Now Marie has broadened her musical statement, not as a political salvo but as a more comprehensive expression of her patriotic perspective. At its most fundamental, the album showcases one of contemporary jazz’s finest vocalists flawlessly meshed with longtime bandmates Kevin Bales (piano), Rodney Jordan (bass) and Quentin Baxter (drums). It is, however, also a panorama of American music, extending from the traditional “John Henry” and the 19th-century pastoral “O Shenandoah” to Tin Pan Alley (“Imagination”), classic jazz (Brubeck’s “Strange Meadow Lark”), Motown (“Just My Imagination”) and 1960s counterculture (“White Rabbit”).
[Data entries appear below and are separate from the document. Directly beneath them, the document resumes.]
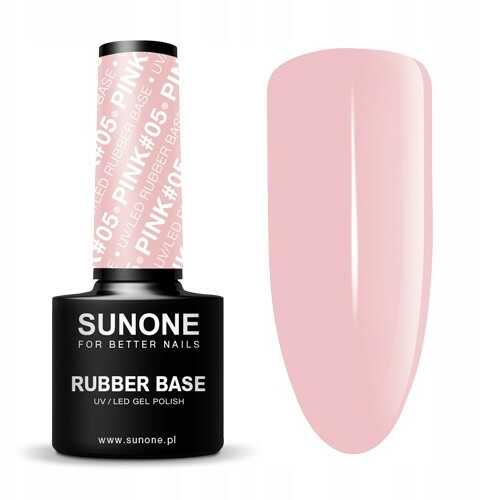 Sunone Rubber Baza kauczukowa Hybryda 5g Pink 05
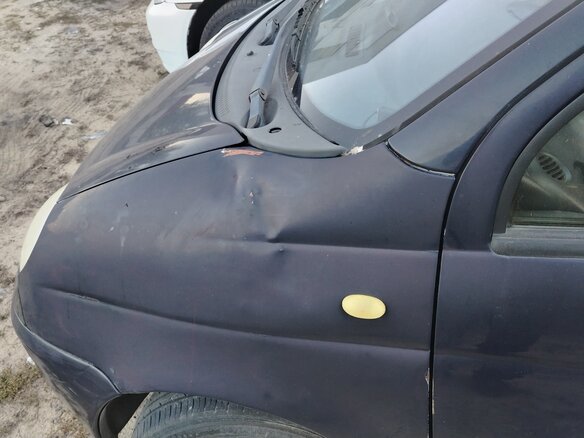 2008 Daewoo Matiz I Рестайлинг, синий, 125000 рублей - вид 4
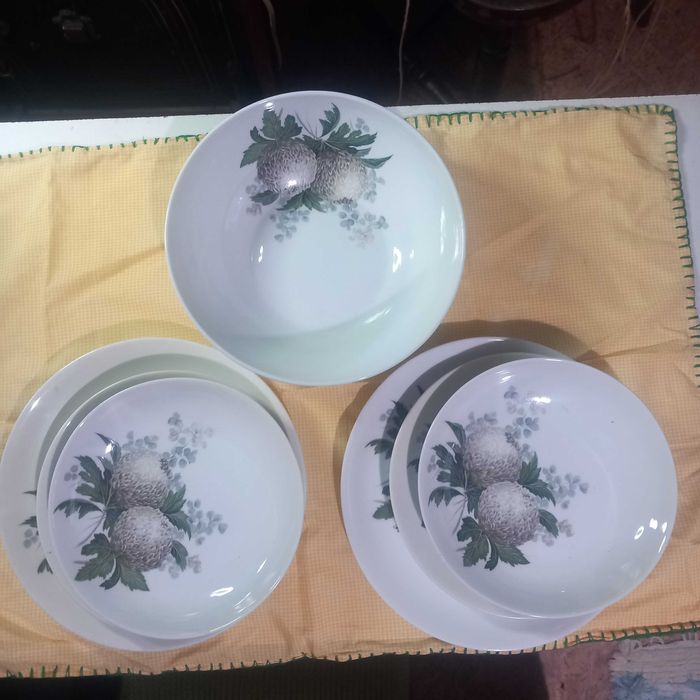 Tete-a-tete porcelana S.P. Coimbra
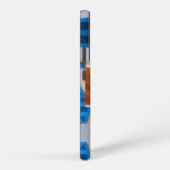 Coque Samsung Galaxy SlipperyJoe homme musclé abs vestiaire pièce carre (Côté droit)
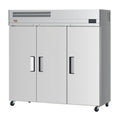 Turbo Air ER72-3-N-V E-line Reach-in Refrigerators - ER72-3-N-V
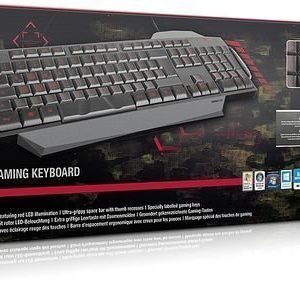 Speedlink Rapax Gaming Keyboard (Nordic Layout)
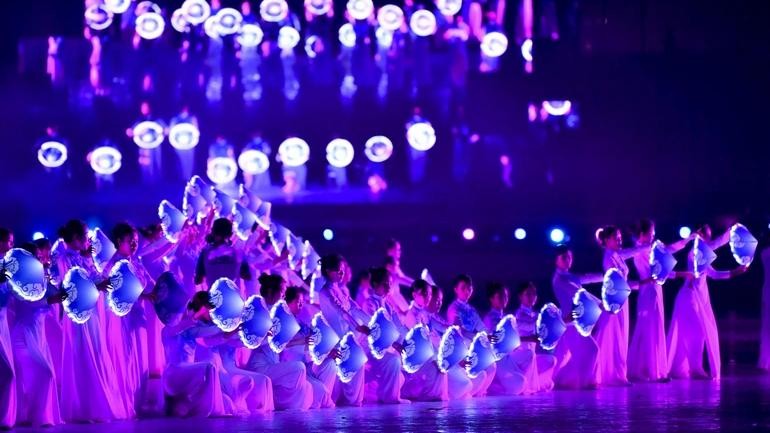 Cũng như lễ khai mạc, lễ bế mạc SEA Games 31 sẽ để lại nhiều ấn tượng tốt đẹp trong lòng bạn bè quốc tế. (Ảnh minh họa)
Woven into this luxuriant fabric are shrewd reflections on African-American struggles and triumphs. With “Angelitos Negros” ushering in the “Voice of My Beautiful Country Suite” (an amalgam including “America the Beautiful,” “My Country ‘Tis of Thee,” “Life Ev’ry Voice” and “The Star-Spangled Banner”), Marie’s latest emerges as a multi-striped pastiche that speaks with courage, eloquence and, above all, pride.